Coming back to what we have landed on for S2, in the simple case, you just let the service assign monotonic record timestamps of the arrival time in milliseconds since our favorite epoch.

How does the backend ensure monotonicity? We force it! It is tracking the highest timestamp per stream, and uses that if the new timestamp is somehow (cough distributed systems cough) smaller.

inputs:       42, 44, 42, 50, 50, 48, 55, ..
adjusted:     42, 44, 44, 50, 50, 50, 55, ..

Unlike the sequence numbers assigned by S2, timestamps are allowed to be identical between consecutive records.

A key decision point was whether to allow client-specified timestamps. We decided some essential complexity here was worthwhile, because event time is far too useful when you consider scenarios like offline devices or backfills.

A timestamping.mode knob made sense to introduce in stream configuration, so users can know with confidence whether client or arrival time is used:

client-prefer – (the default) use client-specified timestamp if present, otherwise the arrival time
client-require – require clients to specify a timestamp that will be used
arrival – use arrival time regardless of whether or not the client specifies a timestamp

By default the arrival time acts as a cap to prevent out-of-whack values messing with the stream’s notion of time. You can enable timestamping.uncapped and get full fidelity within the 64-bit range of possibilities, just remember that there is no going back: the automatic adjustment to ensure monotonicity applies to client-specified timestamps too!

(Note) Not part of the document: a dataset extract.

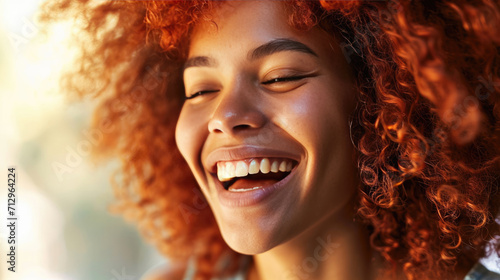 Joyful red-haired woman with freckles smiling broadly, showing her teeth. © MP Studio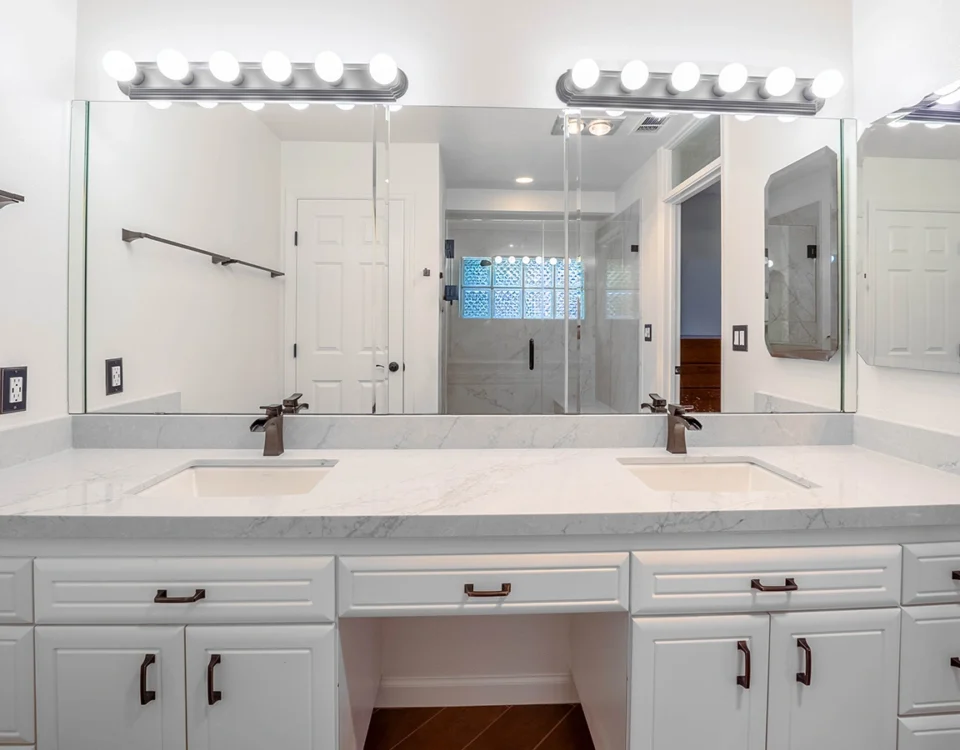 White double-sink bathroom vanity with marble countertop, lit mirrors, and dark bronze hardware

Append acknowledgments contain the first and last timestamps for the batch, so you can know if an adjustment was made. If a use case demands, we can add a way to opt-out of this behavior and reject such an append instead.

Given the monotonicity constraint, we end up with not-quite-an-arbitrary index — but whether you stick with arrival time or propagate your own timestamps, the service stays cost-effective and lets you efficiently read records along this additional time axis.

$ s2 read s2://perso-ingest-mnbk/user/foo --ago 1h --format json --count 3
{"seq_num":8,"timestamp":1747225273458,"body":"search \"hats\""}
{"seq_num":9,"timestamp":1747225343334,"body":"view-listing 42"}
{"seq_num":10,"timestamp":1747225380872,"body":"add-to-cart 42"}
 
$ s2 read s2://perso-ingest-mnbk/user/foo --timestamp 1747225340000 --format json --count 3
{"seq_num":9,"timestamp":1747225343334,"body":"view-listing 42"}
{"seq_num":10,"timestamp":1747225380872,"body":"add-to-cart 42"}

We hope our approach will serve users well! Feedback very welcome.